For mountain-climbers border and its regimen are only annoying impediments, they just have to accept their presence in a space where they are trying to reach their goal, in their living space. Border has the same alien meaning in a living space of the natives. They move "back and forth" minding their own family and daily business, living in a world of clearly defined goals. Such world does not explain the meaning of the border, it is a line, drawn from another world. For V. its meaning is clear, it fits well into his set of personal values and can either win or not /"I saw in Lithuania..."/ the respect of others, in case of the Mongolian border. This disrespect for the border is a good enough cause to cross it. Some forbidden line, which is important as a part of one's existence, is crossed. When getting a chance to cross the border, one gets an opportunity for self-assurance. Increase of self-esteem is not caused by frontier guards, but is achieved due to weakness, unimportance of the borderline. One can describe V's relationship with the frontier by one phrase, said by 16-year-old S., which describes his illegal crossing, done pretty much in the same geographical area: "What kind of pleasure is it to legally cross the border?! You come closer, you move a foot, and it's passed, gone. You know, it's such a great feeling of happiness and satisfaction".

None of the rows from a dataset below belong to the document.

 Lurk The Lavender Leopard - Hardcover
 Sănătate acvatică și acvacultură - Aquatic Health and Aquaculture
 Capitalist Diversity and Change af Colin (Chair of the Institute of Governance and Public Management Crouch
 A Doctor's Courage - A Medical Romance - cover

Yuri had different reasons for breaking the frontier regimen (born 1954). He wanted to go to Mongolia and had arranged a private invitation from an acquaintance, who lived not far from the lake Hubsugul. There is a frontier post on the way from Irkutsk to Hubsugul's village Mondy, but it deals only with cargo transportation. A year before that Yuri had tried to get through there on a bicycle – they would not let him through. By that time a visa was not required, but then he had to obtain it. "It also used to cost not less than 100 dollars then. In order to obtain visa and travel through Naushki, through Kyachta – one had to cross half of the country, half of Mongolia... And I was planning to walk. Obviously, I had no money".
Yuri's feelings were totally different from what younger border intruders were experiencing: "When I crossed the Munku-Sardyka mountain range and got on a foreign territory, I suddenly felt that it was a completely different country, although the landscape was the same. I really don't know why. I have got the feeling that it was a totally different state. I was also very scared of border guards – I had no experience then. I walked for a long time, fearing that some watchful natives would stop me".

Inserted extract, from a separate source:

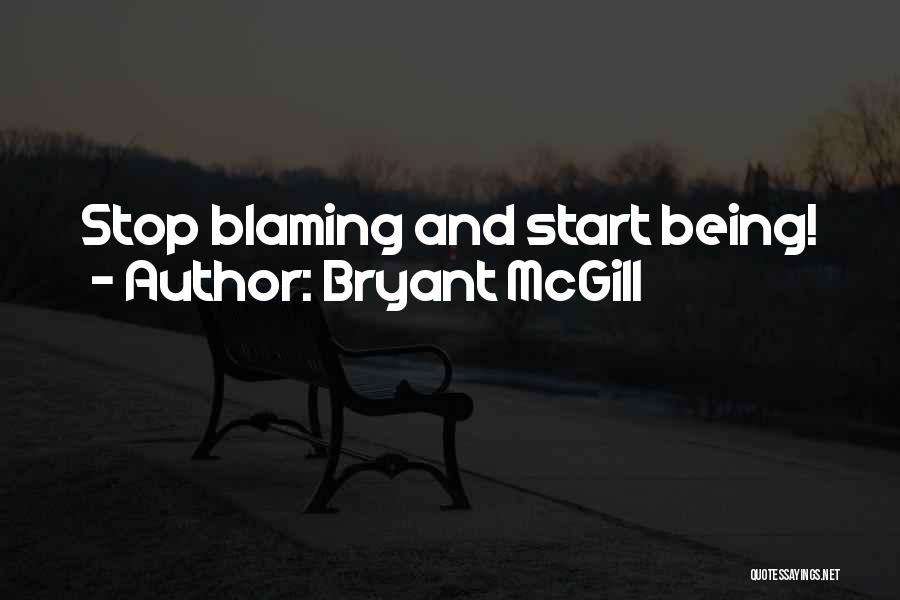 Bryant McGill Quotes: Stop Blaming And Start Being!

After he had acquired experience in crossing the border, it became clear that on the way back there was the same motive of self-assurance as V. and S. used to have. "I took the same road back, but chose an easier way. I could have been almost seen from a frontier post. Moreover, I took a Mongolian with me. He was scared of crossing the border, because he had some deer skins with him. So there we were walking together almost in front of the very frontier post...
-Was it a gunshot away?
-Two or three gunshots away... Depending on the weapon...

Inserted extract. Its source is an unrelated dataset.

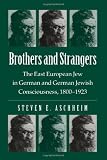 Brothers and Strangers: The East European Jew in German and German Jewish Consciousness, 1800-1923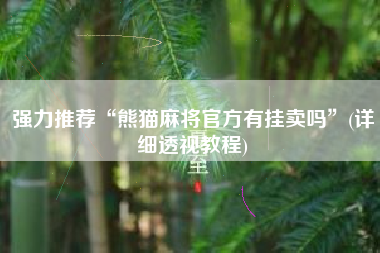 强力推荐“熊猫麻将官方有挂卖吗”(详细透视教程)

Later I was told that there were two or three people at the post then, who could have been actually on guard, the others being busy with daily routine".
This would also appear as sell-assurance, but not childish and more stereoscopic. First, the border, which serves as a means of such sell-assurance, is something alien if not dangerous for the person, who is self-assured. Second, the border in this case is not a line, which is being crossed, but a space, where one exists before and after meeting with frontier guards and customs officers. This stereoscopic view is age-oriented. It is not the age, but the belonging to a certain generation that matters. Yuri's case is a generation model.
"At what stop should I get off?"
Another of Yuri's experience with the border is when he came back from Germany. At a frontier post in Kaliningrad region in 1997: "The way of asking questions makes you suspicious of yourself. There is nothing said directly, but all the words used, the way of saying these words seem like the border guards suspect you of all the possible sins. I thought there was nothing wrong with that...But when you speak and it seems like your words are falling into nowhere... They are not heard, and no matter what you say, it is as if you are excusing yourself".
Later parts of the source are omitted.